Pakistan And Humanity’s Long Struggle Against Sexual Violence
Sexual abuse or molestation is abusive sexual misconduct by one person upon another. It is often perpetrated using force or by taking advantage of another. The worst form of sexual violence is rape. Described as forced sexual activity, it can be directed at women and men alike. According to recognized dictionaries it is defined as unlawful sexual activity and usually sexual intercourse carried out forcibly or under threat of injury against a person’s will or with a person who is beneath a certain age.
Sexual violence and rape may seem trans-historical: for sexual acts that we may categorize as coerced, violent and/or violatory appear to have been known in all historical periods.

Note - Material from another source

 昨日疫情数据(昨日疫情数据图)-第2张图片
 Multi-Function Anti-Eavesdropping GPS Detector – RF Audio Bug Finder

Yet we must not assume that rape and other forms of sexual aggression have no history. Nor should we suppose that the direction of historical change follows an obvious or inevitable pattern. The specific circumstances, general contexts, and collective and individual meanings attributed to sexual violence may change over time and are matters for historical investigation.
Rape, unfortunately, is as old as the history of human beings on earth. Humans started living in a society and moved gradually towards the formulation of a state by concentrating power. When one tribe, civilization or state claimed victory on another, then as part of their conquest they raped the females from the defeated side in revenge.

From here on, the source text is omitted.